Считалось, что после Пховы у прошедших ее остается отметина - дырочка в голове, отмеченная капельками спекшейся крови. Нидал самолично прощупывал склоненные головы, отмечая, есть ли знак (оказался у всех); но я к нему не пошел, отстаивая свою призрачную уже независимость. Вместо этого в голове у меня покопалась Маша, и дырку нашла. Увидев это, лучащийся участием Леша спросил:

«А к ламе-то ходил? Как нет? К ламе, к ламе сходить надо – лама все путём скажет!», сокрушенно покачивая головой, и я невольно рассмеялся, так уютно это было сказано.

Но к ламе не хотелось.

На следующий день проводилась прощальная лекция Нидала. Посвящена она была приезду его тибетского учителя, крошечного, морщинистого Лопена Чечу. Дедушка отличался традиционностью, и потому Нидал вкратце рассказал о правилах тибетской вежливости, обязательном сидении на полу ниже учителя, всех этих церемониях, поклонах и т.п.
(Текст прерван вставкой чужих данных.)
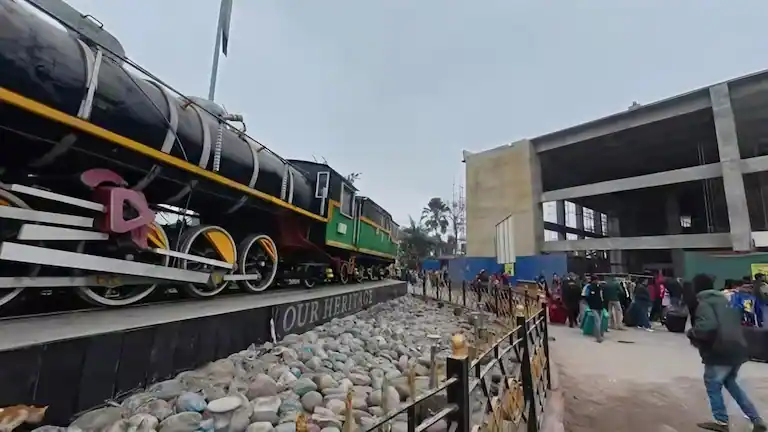 Heritage train display outside NJP station on the Kolkata to Sikkim route.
Потом очередь дошла до сути передаваемых Лопеном Чечу учений, и я, убаюканный санскритом, задумался о своем.

Манера Нидала-рассказчика очень продумана: требующее обдумывания, сложное чередуется шутками (чаще всего повторяющимися из лекции в лекцию), или историями из тибетских путешествий, или его соображениями из области геополитики, про мусульманскую опасность, расплодившихся арабов и негров. Но на этот раз лекция была прервана запиской. Нацепив очки, Нидал читает, сначала про себя, потом вслух, по-английски: потерялся мальчик из Велес-Малаги, не появляется и не звонит уже три дня, родители беспокоятся и просят его найти. Потом, запинаясь, повторяет по-испански: «Uno chico de Veles-Malaga… perdido…» , что-то вроде. Я смотрю на его встревоженное лицо, и вдруг впервые чувствую к нему симпатию, из-за этой простой человеческой тревоги. Злой и самовлюбленный человек не стал бы прерывать свой ах какой важный монолог о духовном ради потерявшегося мальчишки.